Exercise brief
Starting at the line below with "Jetzt kau Hoodie" and stopping at the line with "New 2026 Ford Bronco Heritage Edition SUV", please print each line exactly, those two included, and skip every picture.

Source material
****************************************
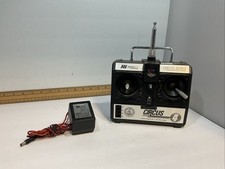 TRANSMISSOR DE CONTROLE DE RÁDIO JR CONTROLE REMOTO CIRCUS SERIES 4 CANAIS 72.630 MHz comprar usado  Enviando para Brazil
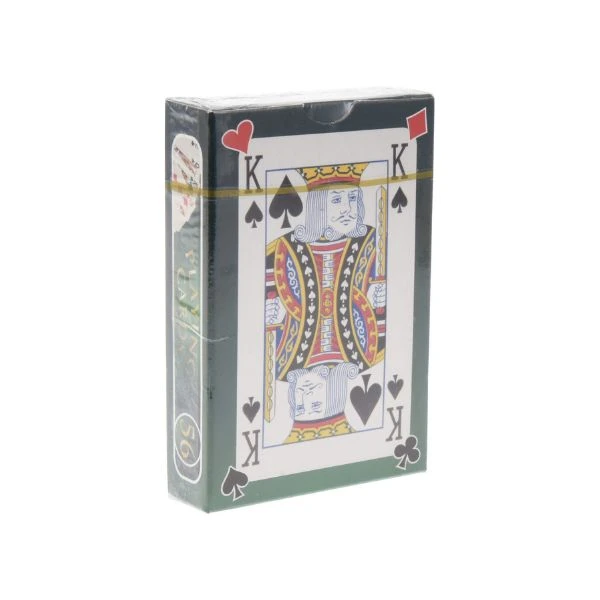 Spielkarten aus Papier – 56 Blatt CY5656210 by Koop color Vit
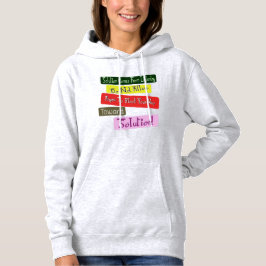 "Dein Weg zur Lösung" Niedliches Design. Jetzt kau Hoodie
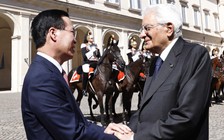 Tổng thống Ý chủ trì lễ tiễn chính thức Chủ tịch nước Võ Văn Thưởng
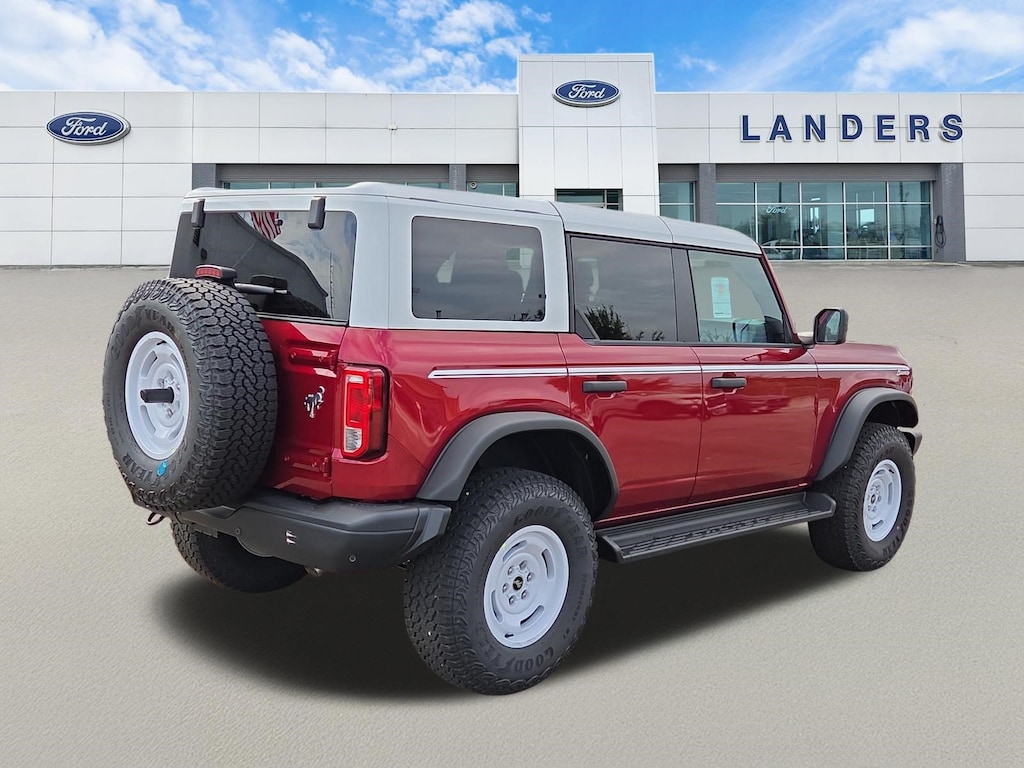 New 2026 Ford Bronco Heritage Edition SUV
****************************************
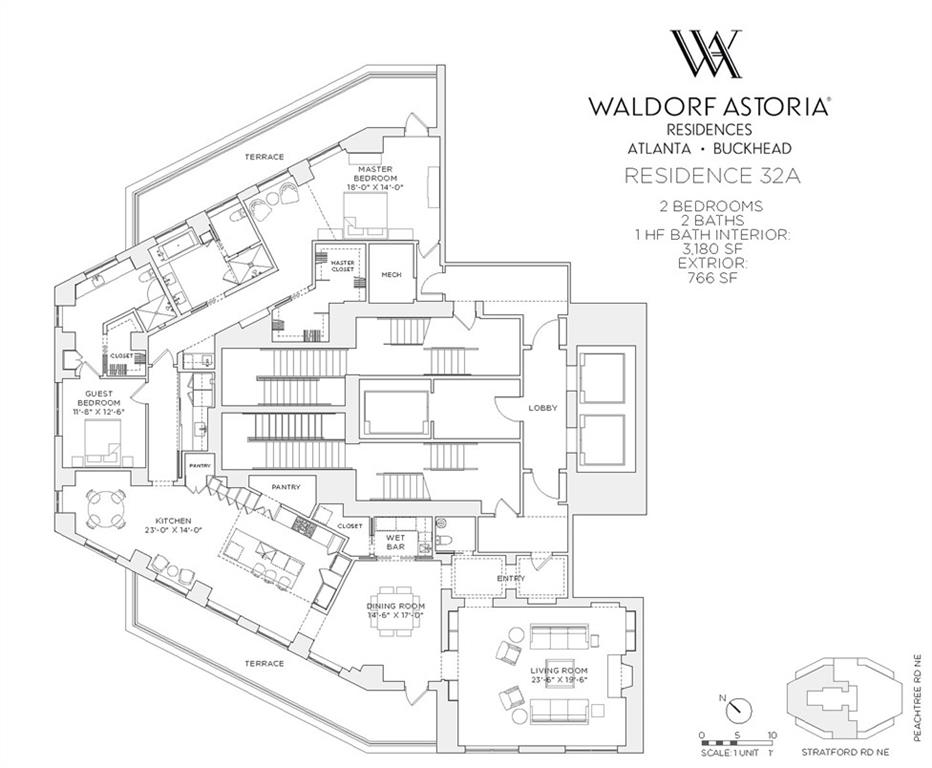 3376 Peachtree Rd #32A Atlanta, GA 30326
****************************************
Answer space
 "Dein Weg zur Lösung" Niedliches Design. Jetzt kau Hoodie
 Tổng thống Ý chủ trì lễ tiễn chính thức Chủ tịch nước Võ Văn Thưởng
 New 2026 Ford Bronco Heritage Edition SUV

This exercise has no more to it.